I become known as the “bike lady,†the lady who always has granola bars and time to sit and listen. After a year, I form a youth group called the Urban Rangers and begin raising money to pay for bike parts and snacks. Two teenagers ask me start a basketball team. Sure why not? And then as I explain my philosophy to the guys, that winning is not important on this team, and everybody will get to play in every game. “No, no,†the boys interrupt and begin coaching me on how to be a coach. The dialogue is funny and that night the rusty part of my radio brain begins chanting, Good tape. Good tape.
So, I call an old friend at NPR and float the idea of writing an “essay with tape†about my team. I warn the show producer that the story will be personal, like a diary, that I break the rules of journalism in every paragraph. I write in the first person and I have not kept any objective distance from these boys. I give money to two brothers because I know they are hungry. I hire another kid’s father because they are struggling on $12,000 a year. The boys hang out at my house, they come to tell me about problems. I no longer wanted any distance between me and these neighborhood kids. NPR solves the issue of my status by calling me a commentator. My transition from reporter to commentator took four years of neighborhood porch sitting and trouble shooting and is distilled into this one word.

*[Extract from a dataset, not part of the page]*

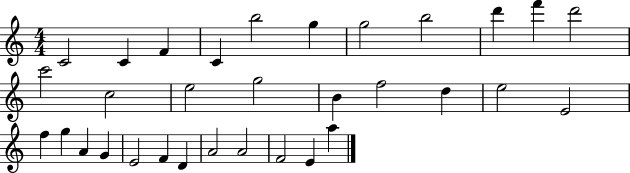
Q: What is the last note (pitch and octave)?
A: A5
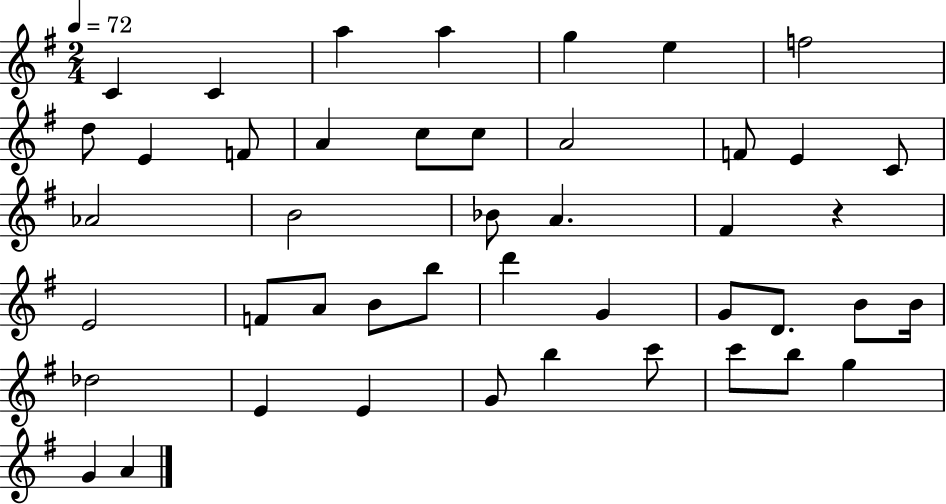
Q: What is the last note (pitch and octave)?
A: A4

From Reality Radio: Telling True Stories in Sound, edited by John Biewen.
© 2010 by the Center for Documentary Studies.
Used by permission of the University of North Carolina Press.
Ka
The House Gates Built is not normally known as a fountain of innovation. But MS’s LiveLabs has really delivered the future in the form of Pivot. It’a web application — “don’t call it a browser”:
getting lasix
“Gary Flake: is Pivot a turning point for web exploration?”
ativan online
We’re navigating the web for the first time as if it’s actually a web, not page to page, but at a higher level of abstraction… So right now, in this world, we think about data as being this curse. We talk about the curse of information overload. We talk about drowning in data. What if we can actually turn that upside down and turn the web upside down, so that instead of one thing to the next, we get used to the habit of being able to go from many things to many things, and then being able to see the patterns that were otherwise hidden? If we can do that, then, instead of being trapped in data, we might actually extract information. And, instead of dealing just with information, we can tease out knowledge. And if we get the knowledge, then maybe even there’s wisdom to be found.
—Gary Flake, Technical Fellow, Microsoft; founder/director, Live Labs
Also check the TED talk for LiveLabs Photosynth — another Seadragon derivative.